Task instructions
Your answer must be the exact lines from the one with "Shop Online Cappotto" to the end of the data, both included, with no pictures.

Given information
* * * * * * * * *

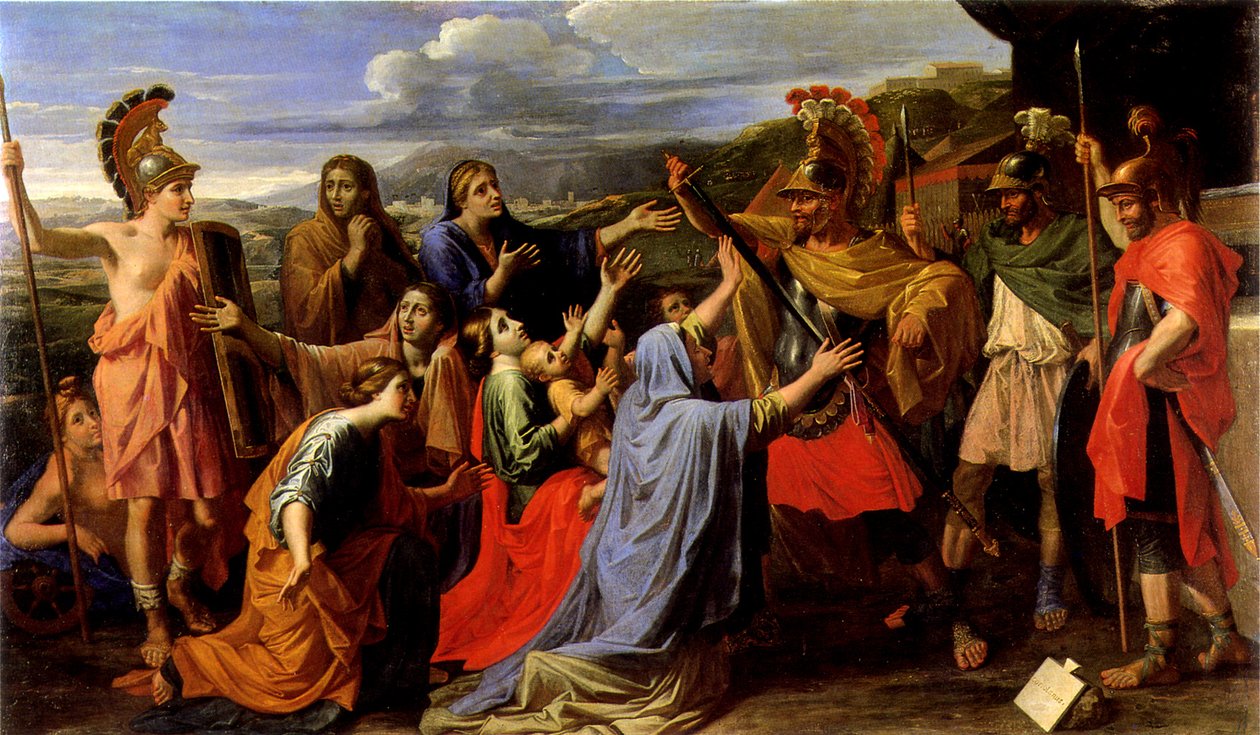 Coriolan les Andelys tekijältä Nicolas Poussin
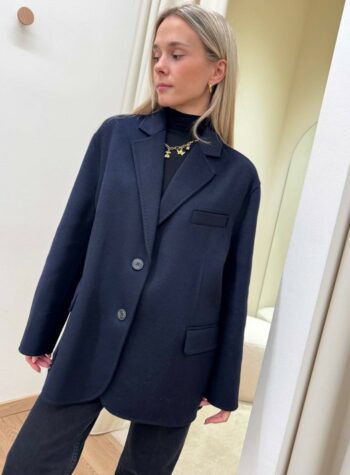 Shop Online Cappotto Hand Made corto over blu Vicolo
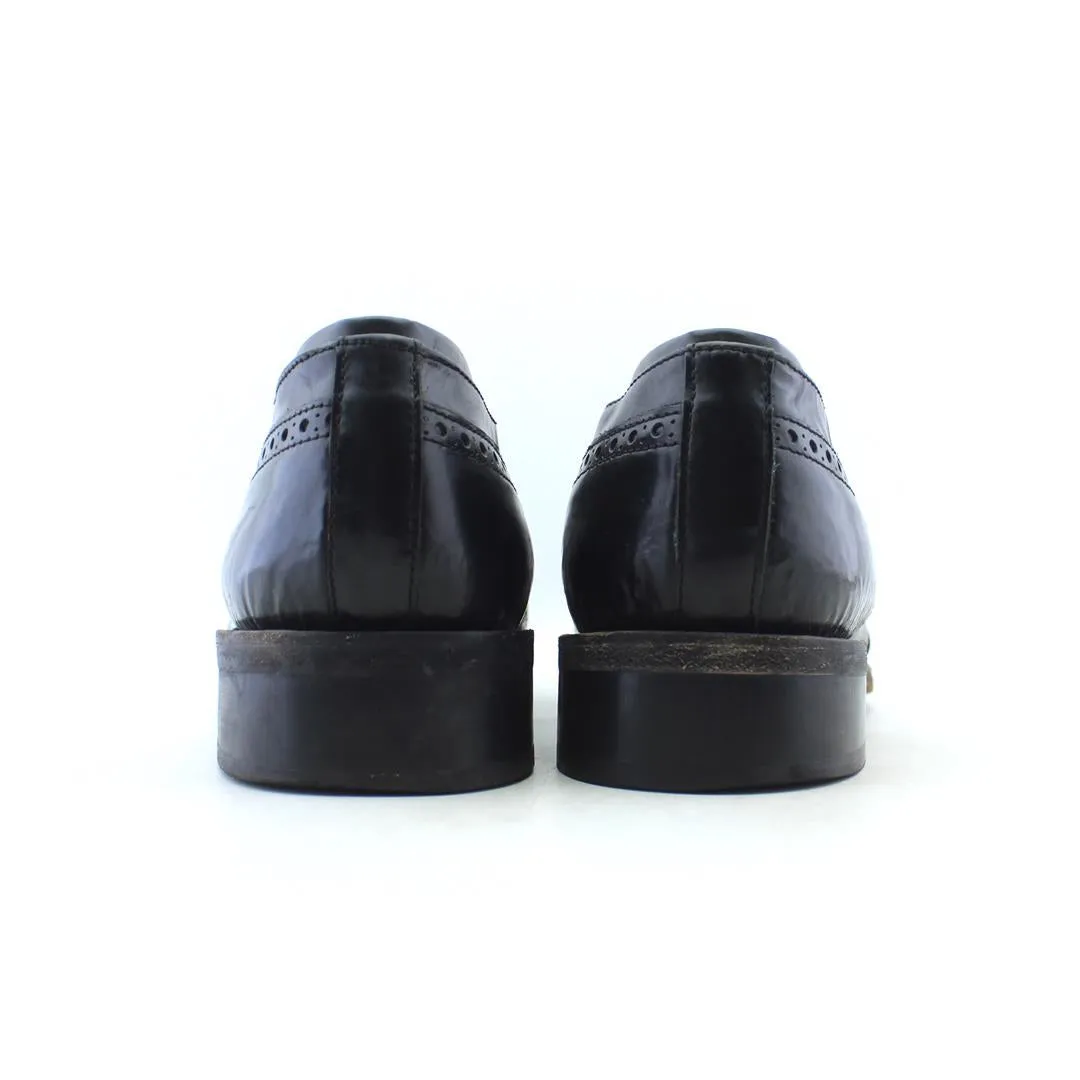 HITCHCOCK BLACK WINDSOR WING-TIP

* * * * * * * * *

Expected answer
 Shop Online Cappotto Hand Made corto over blu Vicolo
 HITCHCOCK BLACK WINDSOR WING-TIP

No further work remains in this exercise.